• **EXERCISE BRIEF**
Once the pictures are set aside, repeat all of the data below exactly.
-------- DATA SEGMENT --------
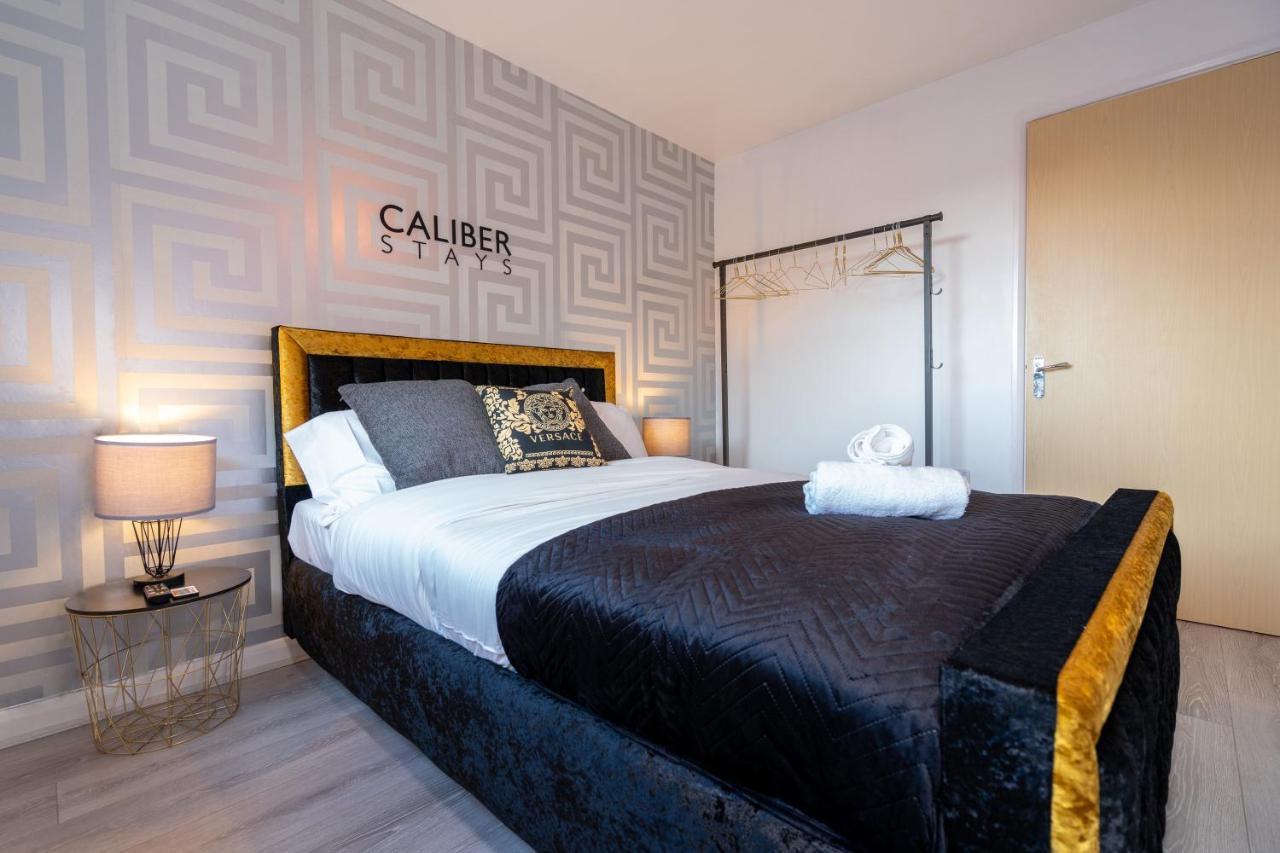 Caliber Stays Bliss - Medusa - 2-bed Retreat - Attractions, Sleeps 4, Free Netflix, Nearby Parking & Close Proximity - Bullring, Grand Central, The Cube - 5 Minutes Walk *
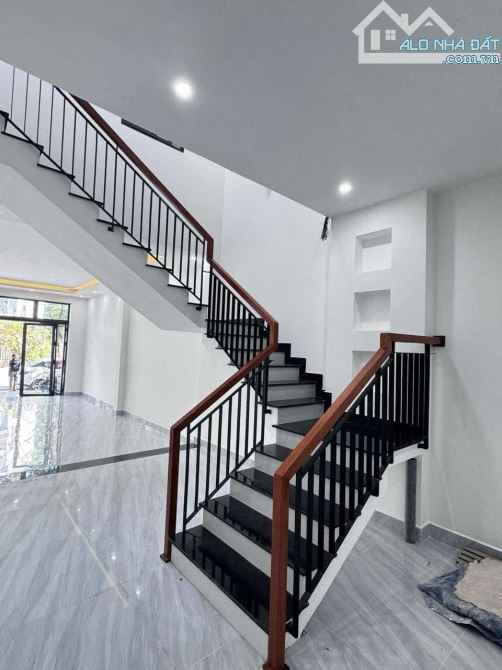 BÁN NHÀ 3 TẦNG ĐƯỜNG LÝ ĐẠO THÀNH. DIỆN TÍCH 100m2. HƯỚNG TÂY BẮC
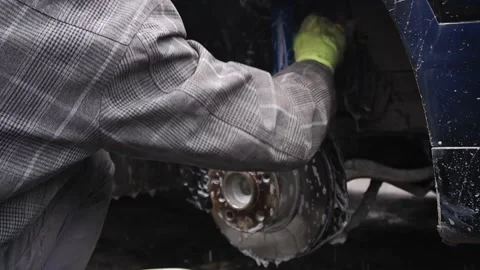 Preparing the car for the installation Vídeo Stock 237074031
--------
• **THE COMPLETED TASK**
 Caliber Stays Bliss - Medusa - 2-bed Retreat - Attractions, Sleeps 4, Free Netflix, Nearby Parking & Close Proximity - Bullring, Grand Central, The Cube - 5 Minutes Walk *
 BÁN NHÀ 3 TẦNG ĐƯỜNG LÝ ĐẠO THÀNH. DIỆN TÍCH 100m2. HƯỚNG TÂY BẮC
 Preparing the car for the installation Vídeo Stock 237074031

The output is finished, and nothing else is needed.